When not restricted by resource dependencies, you can organize groups by administrative convenience. For example, you might put file-sharing and print-spooling resources (along with their dependencies) into one group because viewing those particular applications as a single entity makes it easier to administer the network. You can give this group a unique name for the part of your organization it serves, such as Accounting File and Print. Whenever you need to intervene with that department’s file- and print-sharing activities, you’d look for this group in Cluster Administrator.

Making Final Grouping Assignments

After you list the resources that you want to group together, assign a different name to each group and create a dependency tree. A dependency tree is useful for visualizing the dependency relationships between resources.
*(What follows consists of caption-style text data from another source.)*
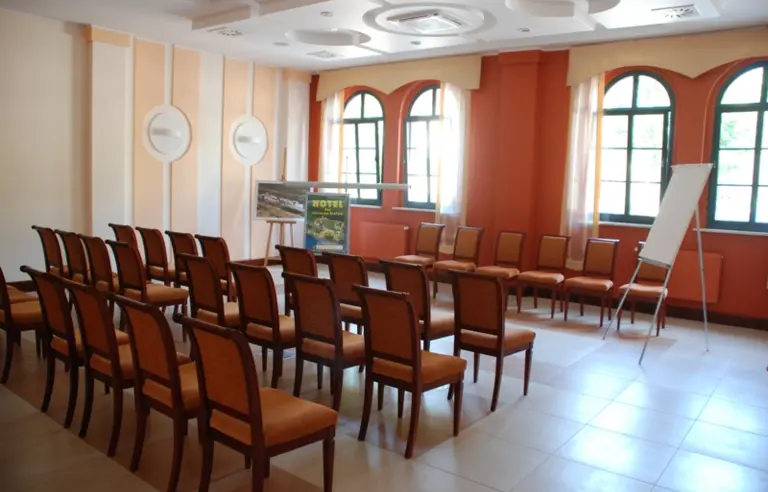 Hotel Nest - photo 1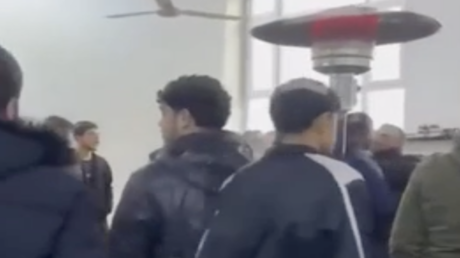 عاجل - مصلون يطردون إمام مسجد بعد صلاة الجمعة لأسباب كردية 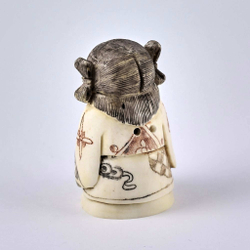 Нэцкэ Девочка с корзиной цветов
To create a dependency tree, first write down all the resources in a particular group. Then draw arrows from each resource to each resource on which the resource directly depends.

A direct dependency between resource A and resource B means that no intermediary resources are between the two resources. An indirect dependency occurs when a transitive relationship exists between resources. For example, if resource A depends on resource B and resource B depends on resource C, there’s an indirect dependency between resource A and resource C, rather than a direct one.
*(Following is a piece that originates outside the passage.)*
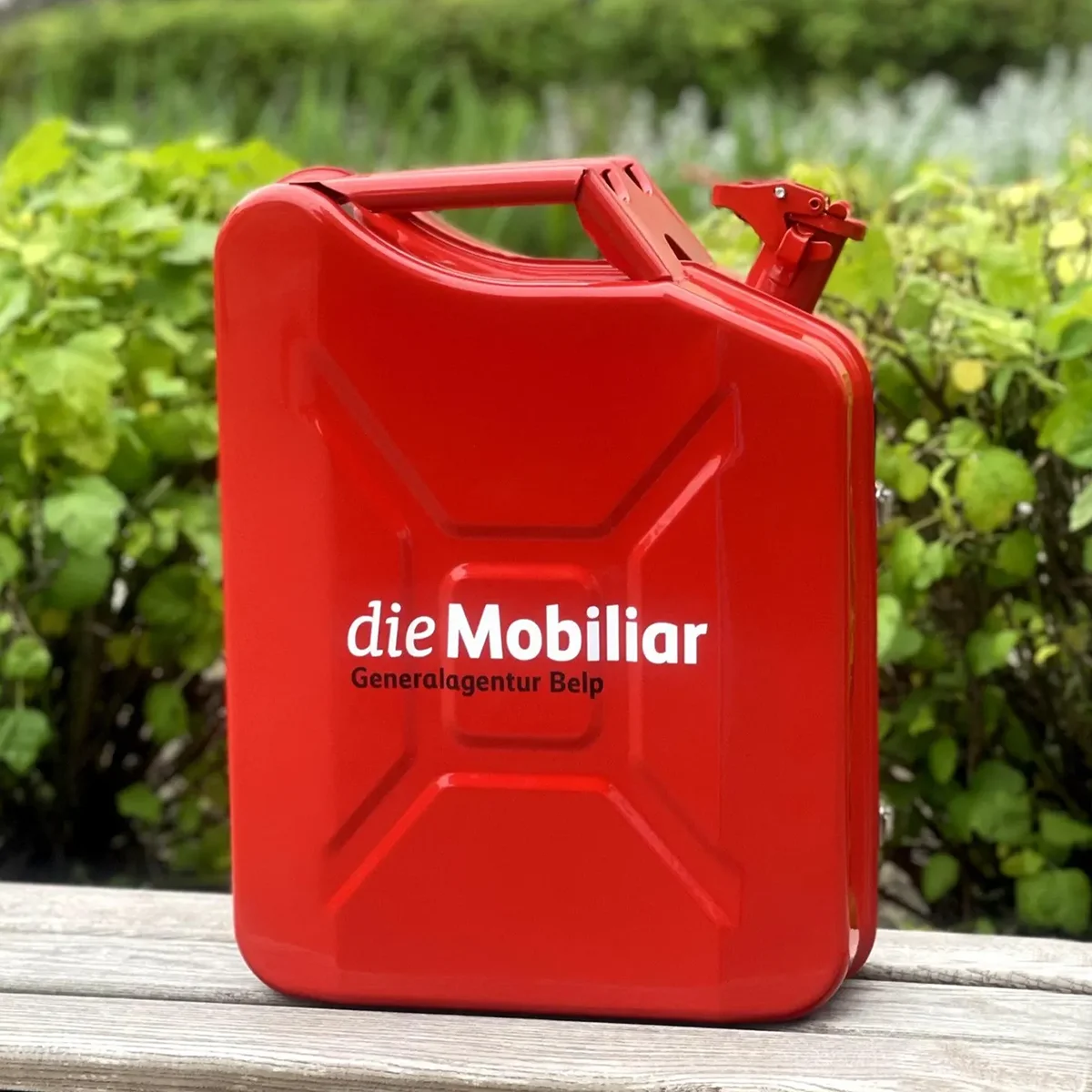 kanister_wein_rot_mobiliar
Figure 4.6 shows the resources in a final grouping assignment in a dependency tree.

Figure 4.6 - A simple dependency tree

In Figure 4.6 the File Share resource depends on the Network Name resource, which in turn depends on the IP Address resource. However, the File Share resource doesn’t directly depend on the IP Address resource.
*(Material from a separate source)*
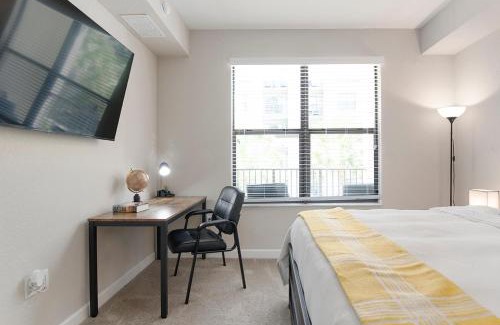 Carver City - Lincoln Gardens Apartment | Tampa Tropical-10 Min to Airport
Determining Failover Policies for Groups

You must assign failover policies for each group of resources in your cluster. These policies determine exactly how a group behaves when failover occurs. You can choose which policies are most appropriate for each resource group you set up.

Failover policies for groups include three settings:

  • Failover timing You can set a group for immediate failover when a resource fails, or you can instruct the Cluster service to try to restart the group a designated number of times before failover occurs. If it’s possible to overcome the resource failure by restarting all resources within the group, then set the Cluster service to restart the group.
  • Preferred node You can set a group so that it always runs on a designated node whenever that node is available. This is useful if one of the nodes is better equipped to host the group.
  • Failback timing You can set a group to fail back to its preferred node as soon as the Cluster service detects that the failed node has been restored, or you can instruct the Cluster service to wait until a specified hour of the day, such as after peak business hours.

Planning Fault-Tolerant Storage

Many groups include disk resources for disks on shared buses. In some cases, these are simple physical disks, but in other cases they’re complex disk subsystems containing multiple disks. Almost all resource groups depend on the disks on the shared buses. An unrecoverable failure of a disk resource results in certain failure of all groups that depend on that resource.

For these reasons, you might decide to use special methods to protect your disks and disk subsystems from failures. One common solution is the use of a hardware-based RAID solution. RAID support ensures the high availability of data contained on disk sets in your clusters. Some of these hardware-based solutions are considered fault tolerant, which means that data isn’t lost if a member of the disk set fails. You might also use a storage area network (SAN), which can be located on- or off-site.

You can’t use software fault-tolerant disk sets for cluster storage.

Hardware RAID

The Microsoft Windows Hardware Compatibility List contains many different hardware RAID configurations for clusters. Because many hardware RAID solutions provide power, bus, and cable redundancy within a single cabinet and track the state of each component in the hardware RAID firmware, they provide data availability with multiple redundancy, protecting against multiple points of failure. Hardware RAID solutions can also use an onboard processor and cache. Windows 2000 can use these disks as standard disk resources.

When implementing hardware RAID, you should use redundant RAID controllers to make sure that the controller won’t be a single point of failure.

Storage Area Networks

A SAN is a high-speed, special-purpose network (or subnetwork) that interconnects different kinds of data storage devices with an associated data server on behalf of a larger network of users. Typically, a SAN is often part of the overall network of computing resources and it’s usually clustered in close proximity to other computing resources. However, a SAN can extend to remote locations for backup and archival storage, using WAN carrier technologies such as Asynchronous Transfer Mode (ATM) or Synchronous Optical Network (SONET).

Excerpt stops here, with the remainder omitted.